Mengniu’s consideration of a potential bid is at an early stage, the people said, asking not to be identified because the information is private. The company won’t decide whether to proceed until more financial data on the unit is available, one of the people said. Mengniu said in a stock-exchange filing today that it isn’t “in any direct negotiation” with Pfizer.
The infant-nutrition business may fetch as much as $10.5 billion, and draw interest from companies including Danone, Abbott Laboratories and Nestle SA, people familiar with the transaction said in July. Mengniu’s market value is just over half that amount, and shares in the cheese and milk producer fell today after its interest was reported.

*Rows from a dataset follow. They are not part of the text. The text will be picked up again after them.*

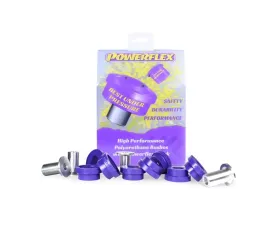 Powerflex Rear Subframe Mount Bushing Audi TT | S3 4WD | Volkswagen R32 1999-2006
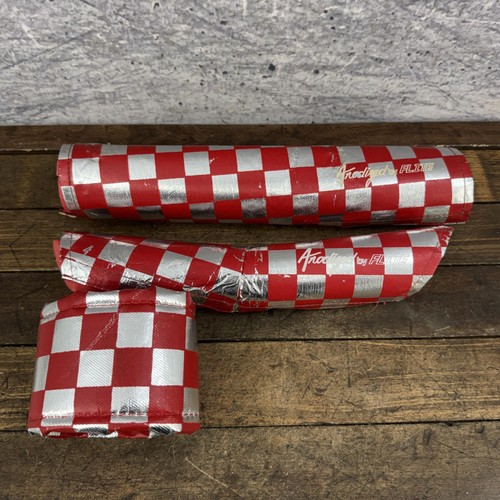 Vintage flite anodized - vintage, bmx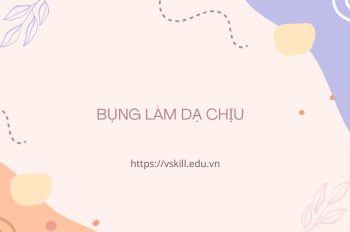 Ý nghĩa câu tục ngữ “Bụng làm dạ chịu” chọn lọc hay nhất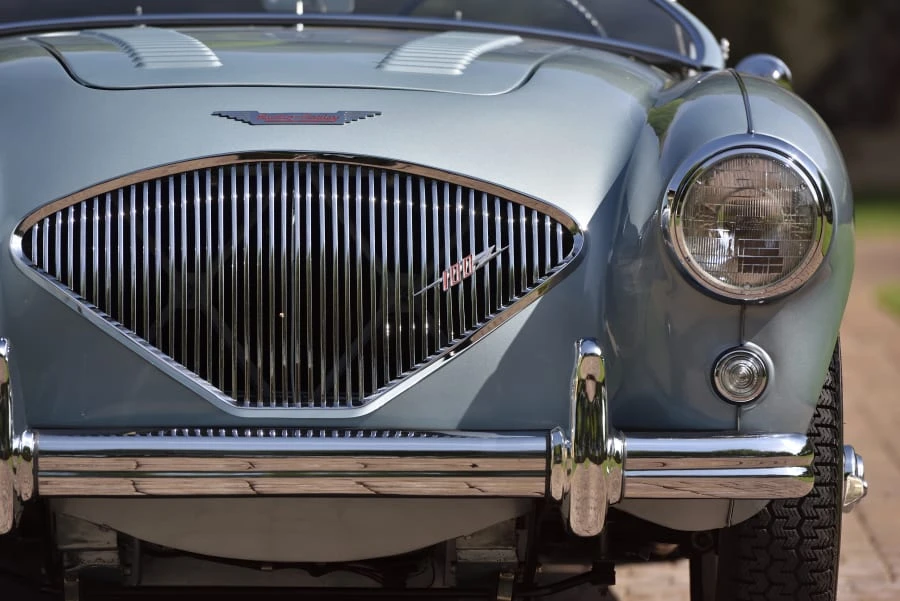 1954 Austin-Healey 100 - Image 14 of 31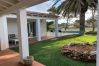 Villa à Ciutadella de Menorca - 1.5 Villa Sonea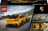 77239 LEGO® Speed Champions Porsche 911 GT3 RS superauto 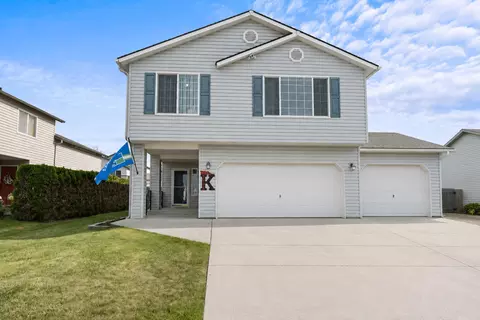 10113 W Raspberry Ave, Cheney, WA 99004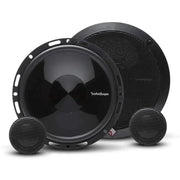 ROCKFORD FOSGATE P165-SI – Kit 2 voies 16,5 cm – 120W Max – 4 Ohms Rockford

“The deal size for the whole global division is really a bit big,” said Jacqueline Ko, an analyst with Kim Eng Securities. “I wonder if they can just buy the China part of the business.”
Trupti Wagh, a Pfizer spokeswoman in Singapore declined to comment on market speculation.
Mengniu said it will “closely monitor” developments related to a bid for the Pfizer unit. “The company is not in any direct negotiation with Pfizer, and currently has no concrete arrangement or plan in connection with the bid,” the Chinese milk producer said in its statement.
Mengniu’s products include liquid milk products, ice cream, and milk powder. Milk powder contributed less than 1 percent of the company’s revenue in 2010, according to data compiled by Bloomberg.
The company’s largest shareholder is a unit of Cofco Ltd., a state-backed grains trader which said on Oct. 20 that it is seeking overseas acquisitions to help secure food supplies for China. Through a special purpose vehicle, Cofco and Hopu Investment Management Co. own 20 percent of Mengniu.
Mengniu fell 1.7 percent to HK$25.75 at the 4 p.m. close of trading in Hong Kong. Its market value is about HK$45 billion ($5.8 billion), and the company had about $1 billion in cash and short-term securities at the end of June, according to data compiled by Bloomberg.
“Investors may be concerned that Mengniu may have to issue new shares to fund the bid and that would dilute per share earnings,” Jason Yuan, an analyst at UOB Kay Hian Holdings Ltd. in Shanghai.
The infant-nutrition unit, which makes the SMA Gold line of products for infants and children, reported $1.9 billion in sales last year. About 60 percent of those were from Asia, with another 30 percent from Europe, according to Credit Suisse.
Pfizer is looking for “strategic alternatives” for the unit that may also include a spinoff, said Wagh, repeating comments the company made in July. The company may send sales documents to suitors in November at the earliest, people with knowledge of the matter said last month.
The Financial Times earlier reported Mengniu’s interest in the unit.